My Take by Jim Carl - October 26, 2011

MY TAKE is a blog about my funny life experiences that happened to involve movies, and how I found myself in charge of programming films for a living.  I’ll discuss how certain movies came to be responsible for my bad attitude, memories, associations, personal beliefs, and plain stupidity. Yes, I fully intend to trash films considered sacred in certain circles, and will probably offer a poor explanation for doing so. I also intend to squander praise on movies considered awful by most everyone, even if it makes me sound ridiculous, because I have a funny memory to share about them.  Again, I’m not writing reviews.  All I mean to do here is tell some good stories, and perhaps a clever lie or two.  No one has ever accused me of suffering a shortage of ways to make a fool of myself, and because blogging is one I haven’t tried, at least this is one most of my friends haven’t yet seen.

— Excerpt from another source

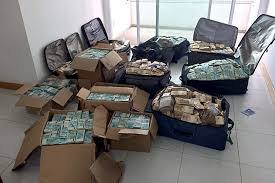 Resultado de imagem para GEDDEL E LÚCIO SÃO DENUNCIADOS POR LAVAGEM DE DINHEIRO E ASSOCIAÇÃO CRIMINOSA: charges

Going in, I had no idea that Deathtrap was a murder-mystery, or that it was based on a famous Broadway show by Ira Levin, or even that it had one of those Agatha Christie-style plots that untangle like big balls of yarn. (Ira Levin, if you don’t know, wrote Rosemary’s Baby, which I thought was tedious; The Boys from Brazil, which I though was brilliant; and Sliver, which has not been seen by me, but which starred Sharon Stone in her mercifully-brief heyday, and that’s sleazy enough to instead make me watch Home Alone for regaining karma points.)  Not knowing any of these things, I suspect, probably made Deathtrap a better experience for me.  I’d seen the one-sheet, possibly a trailer or two on TV, and knew that it starred Christopher Reeve and Michael Caine, but nothing else.  Truth be told, my mother had a huge crush on the Man of Steel in 1982, and it’s the sole reason that I found myself watching something called Deathtrap in the first place.  Had it starred, say, Chevy Chase or Burt Reynolds, would have resulted in my never seeing this film, at least not with my mother.   (That’s not true.  She did take me to see Stroker Ace.) 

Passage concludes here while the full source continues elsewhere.